Birmingham's original grant application totaled $23 million, and it is unclear which specific projects will be funded with the approved money. U.S. Rep. Terri Sewell's office said more details would come later in the week. But she praised the diverse coalition that came together to support the grant application. Representatives from the nonprofit and corporate sectors, from multiple municipalities and from all levels of government were involved.
"This grant reflects the extraordinary outcomes possible when the public and private sector partners together to transform a community," Sewell, D-Birmingham, said in a news release. "The strength and resilience of Alabamians is a testament to what is truly achievable when communities work together."

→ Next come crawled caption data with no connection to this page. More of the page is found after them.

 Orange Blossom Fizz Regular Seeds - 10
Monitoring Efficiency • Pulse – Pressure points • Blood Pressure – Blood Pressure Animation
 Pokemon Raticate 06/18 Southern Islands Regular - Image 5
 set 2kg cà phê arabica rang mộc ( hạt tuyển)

The grants, through the U.S. Department of Transportation, are designed to encourage innovation and job creation, and this is the second time a regional proposal along these lines has been submitted.
Freshwater Land Trust Executive Director Wendy Jackson, whose organization helped compile the application, said that, in this round, 703 applications representing $10.2 billion in requests were competing for a $500 million pot. Beating those long odds should be a shot in the arm for the region.

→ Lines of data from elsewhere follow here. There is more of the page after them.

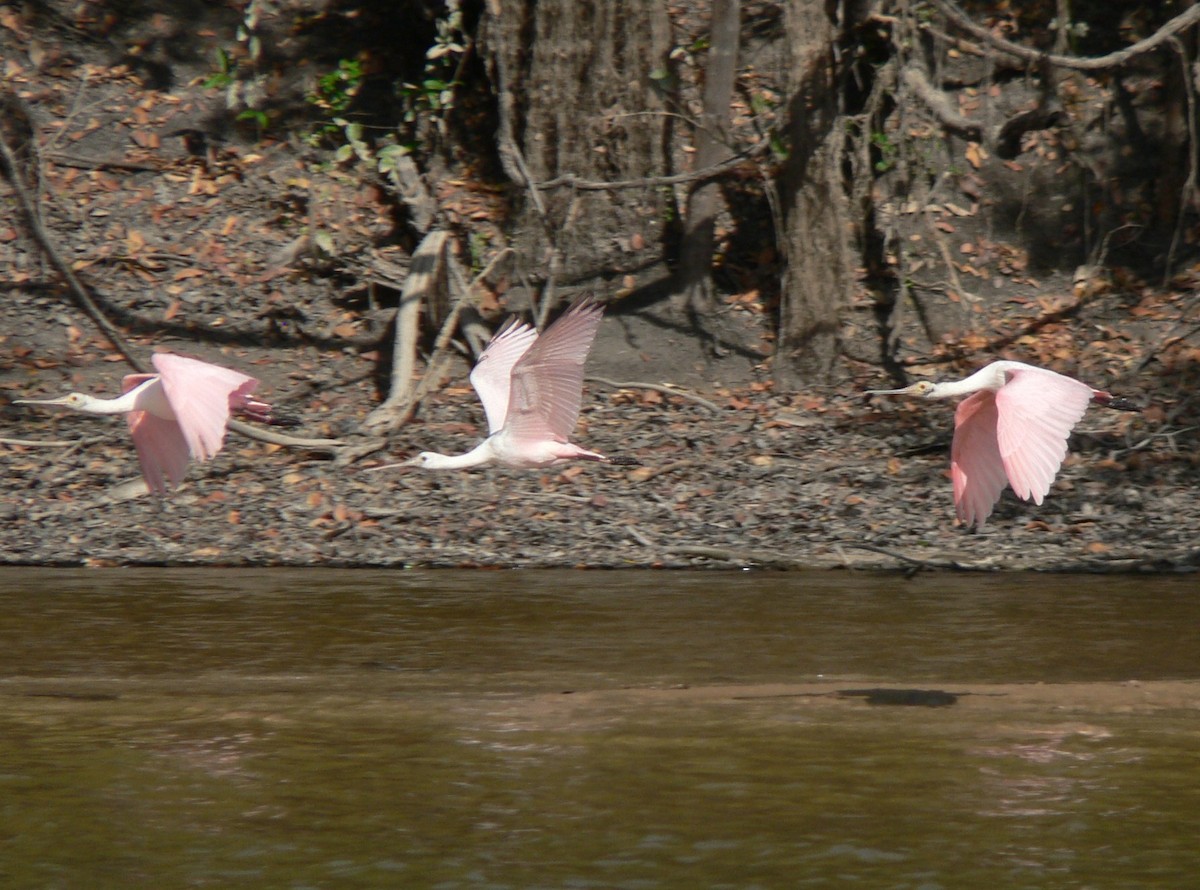 Roseate Spoonbill - ML642475458
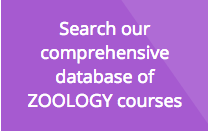 Zoology Course Search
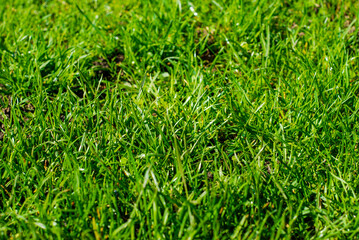 green grass background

"We so desperately needed a win. I am so proud," she said. "This is the power of collaboration. This shows the power of a plan."
In addition to helping rebuild the Pratt City neighborhood, the grant application proposed the creation of walking and biking corridors between downtown attractions and through adjacent neighborhoods. It also proposed supporting the extension of the Shades Creek Greenway in Homewood, and trail and road connections between the western communities of Fairfield and Midfield to Red Mountain Park.
The proposal has roots in the efforts of a community coalition led by the Jefferson County Department of Public Health to combat obesity and smoking. That effort supported the design of a regional system of walking and biking trails, the Red Rock Ridge and Valley trail system. Pieces of that system were included in the application.
Along with Sewell, a Democrat; U.S. Sen. Jeff Sessions and Rep. Spencer Bachus, both Republicans, supported the application.
"This represents visionary thinking, not just because of the ambitious scope of the project but because of the way it has brought so many parties together to work for the common good of all of our citizens," Bachus said in a release.
Birmingham Mayor William Bell also praised the bipartisan effort. "All of our congressional representatives have been very open to us and accommodating and they've opened the door so we can talk to people like (U.S. Transportation) Secretary (Ray) LaHood and the White House," Bell said.
The grant application also was strengthened by pledges of $387,100 in private philanthropic support from donors to the Community Foundation of Greater Birmingham, the Mike and Gillian Goodrich Foundation and the Susan Mott Webb Charitable Trust. UAB and the Jefferson County Department of Health also pledged matching money.
"We see potential for true transformation with this investment," said Kate Nielsen, president of the Community Foundation of Greater Birmingham.
Jackson added that this is only the beginning.
"This also means we won't quit," she said. "We are going to go back at it again and again."